1. Sweat the onion in the oil until it begins to brown. Add the lamb and seasonings, and cook well. Fold in the spinach, if using. 

Assemble & bake 
1. Preheat oven to 400 degrees F. 

2. Lightly oil a 9-inch baking dish (any shape) with any oil you have on hand. (I use olive oil.) Spread half the potato and bulgur mixture evenly across the bottom of the pan and slightly up the sides. 

3. Add the lamb mixture, and gently layer it over the base. 

4. Spread the remaining potato mixture carefully on top of the filling. This is the point where many people use the tip of a knife to score a design into the top. You could make simple square or diamond shapes, or get more elaborate. 

5. Drizzle the top with olive oil, and bake at 400 degrees F for about 40-45 minutes, rotating the pan halfway through, until the edges are golden brown and the top looks nice and crispy.

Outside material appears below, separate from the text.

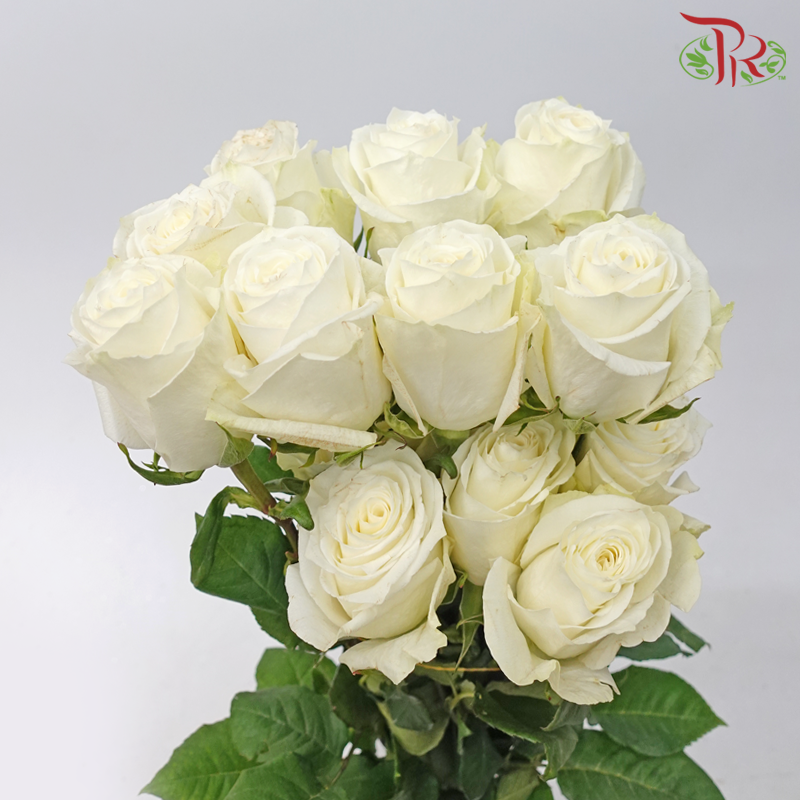Star (60cm) - Rose High Light (25 Stems)-High Light-Ecd-prflorist.com.my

Cool slightly before cutting. 

Tahini Sauce 
Whisk ½ cup tahini with ¼ cup water. The mixture will split at first, but keep on whisking until it emulsifies. Then whisk in 3-4 cloves of microplaned garlic, ¼ cup lemon juice, 2 teaspoons ground cumin and salt to taste. 

Garlic Sauce 
Mix 1 cup Greek yogurt with 3-4 cloves of microplaned garlic until smooth. Add a bit of water, if desired, to get the consistency you like. Salt to taste.